Als in den östlichen Provinzen Unruhen ausbrechen - wofür natürlich auch die Anhänger des Gekreuzigten verantwortlich gemacht werden -, ordnet Diokletian per Edikt an, sämtliche Kleriker zu verhaften und sie zum Opfer zu zwingen. Wer sich widersetzt, wird gefoltert und hingerichtet. 304 erlässt der Kaiser zudem, wie weiland Decius, ein generelles Opferedikt: In jeder Stadt müssen alle Bewohner im Kollektiv vor den Götterbildern Tier- und Trankopfer darbringen. Wer sich weigert, soll zu Tode gebracht werden.
Diokletians Edikte werden in den einzelnen Provinzen unterschiedlich streng in die Tat umgesetzt. Der Kaiser hat in einer Reichsreform drei Vertraute zu Mitkaisern erhoben, um das Imperium besser im Griff zu behalten. Diese "Tetrarchen" können in ihren Regionen die Erlasse nach Gusto vollstrecken. Im Osten werden die Christen heftiger verfolgt als im Westen, wohl deshalb, weil dort der Erlösungsglaube deutlich stärker verbreitet ist als im Westen.
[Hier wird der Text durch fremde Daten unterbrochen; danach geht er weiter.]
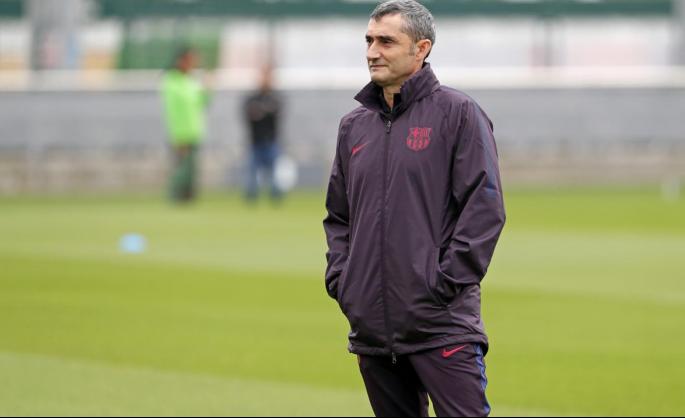 ESPANHOL: Valverde aposta em um Barcelona equilibrado na Liga dos Campeões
Auch Diokletians Nachfolger Galerius setzt dessen Politik fort. Doch als er 311 schwer erkrankt, kommt die Wende. Kurz vor seinem Tod erlässt der Kaiser das Toleranzedikt von Nikomedia. Darin erklärt er die Politik der Härte für gescheitert: Es sei nicht gelungen, die Christen mit dem Götterkult des Römischen Reiches zu versöhnen. Daher halte er es "in unserer außerordentlichen Milde und beständigen Gewohnheit, sämtlichen Menschen zu verzeihen, für notwendig, auch diesen unsere freimütigste Nachsicht zu gewähren, damit sie wieder Christen sein und ihre Versammlungsstätten wieder aufbauen können, allerdings so, dass sie nichts gegen die öffentliche Ordnung unternehmen".
Mit diesem amtlichen Spruch wird der Glaube an den Nazarener zur religio licita, er wird eine im Imperium Romanum offiziell zugelassene Glaubensgemeinschaft. Das ist der endgültige Durchbruch. Nur noch ein paar Jahre, dann lässt Kaiser Konstantin sich taufen. 391 erhebt Theodosius das Christentum zur Staatsreligion.